» EXERCISE BRIEF:
The answer must be an exact copy of the lines from the one containing "Dixie Chaleco vaquero" through the last line of the records, with no pictures.

Brief descriptive captions
=== Section Start ===
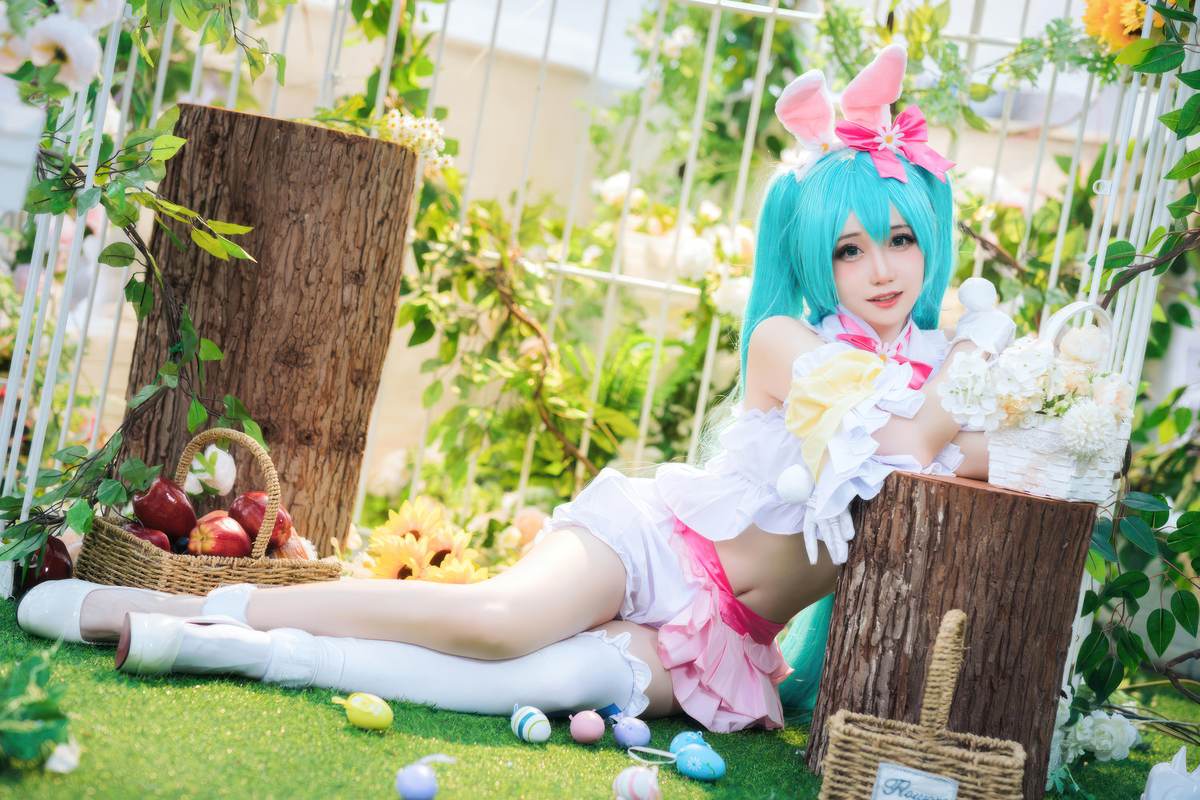图片[2]-焖焖碳 – cos 复活节兔子：真人写实性感兔女郎 白丝兔耳巨乳开档 极致肉感诱惑无修正 22P-御萝部落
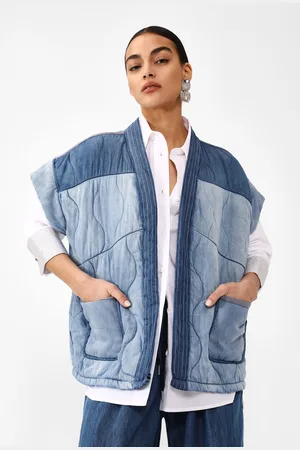 Dixie Chaleco vaquero oversize de algodón puro con bolsillos de parche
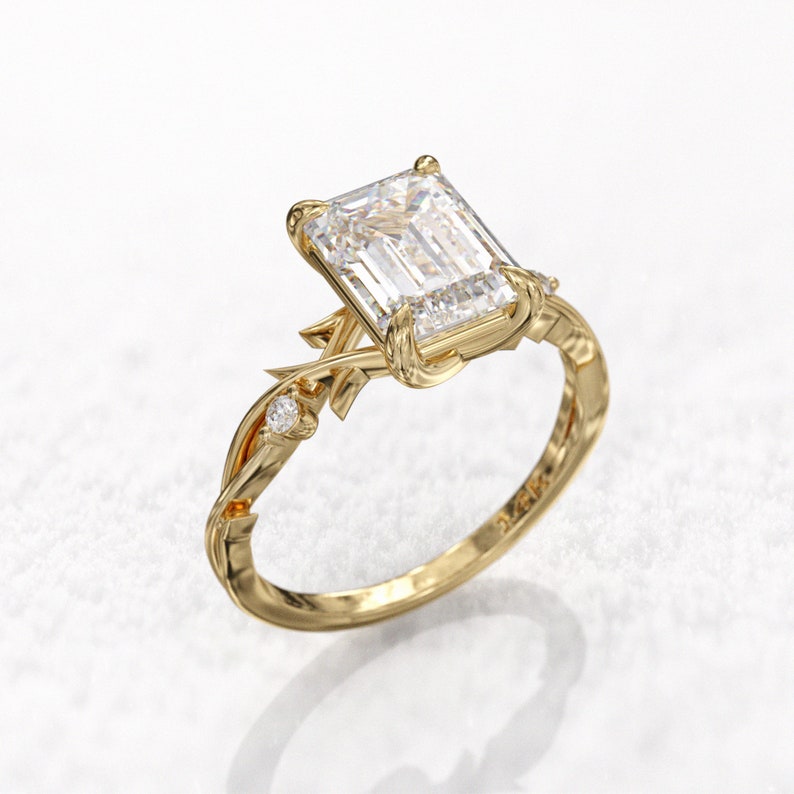 3.50ct Emerald Cut Diamond Twig Moissanite Engagement Ring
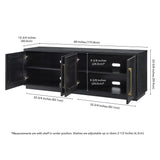 Henn&Hart Tillman Rectangular TV Stand for TV's up to 80" in Black Grain Henn&Hart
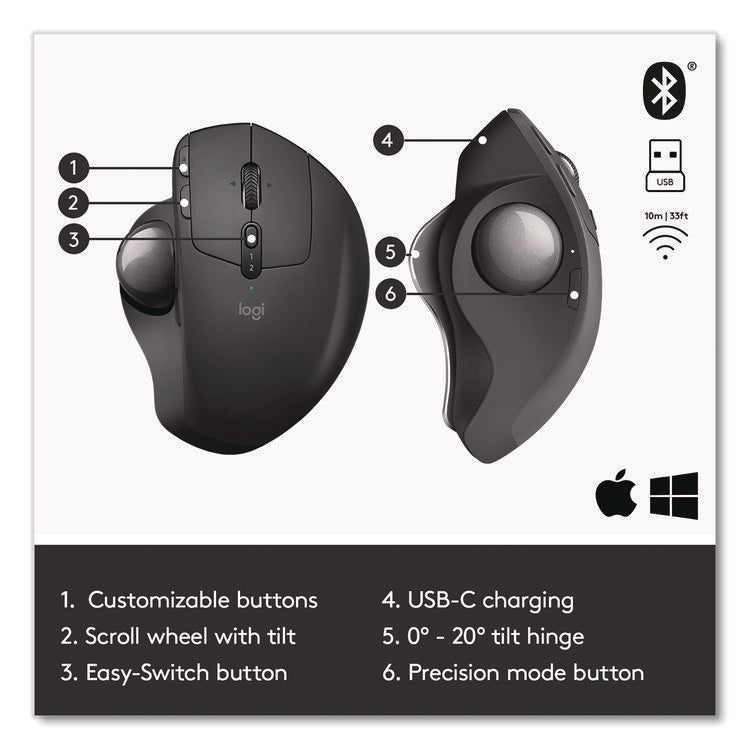 MX Ergo Plus Advanced Wireless Trackball Mouse, 2.4 GHz Frequency/33 ft Wireless Range, Right Hand Use, Black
=== Section End ===
» SOLVED PROBLEM:
 Dixie Chaleco vaquero oversize de algodón puro con bolsillos de parche
 3.50ct Emerald Cut Diamond Twig Moissanite Engagement Ring
 Henn&Hart Tillman Rectangular TV Stand for TV's up to 80" in Black Grain Henn&Hart
 MX Ergo Plus Advanced Wireless Trackball Mouse, 2.4 GHz Frequency/33 ft Wireless Range, Right Hand Use, Black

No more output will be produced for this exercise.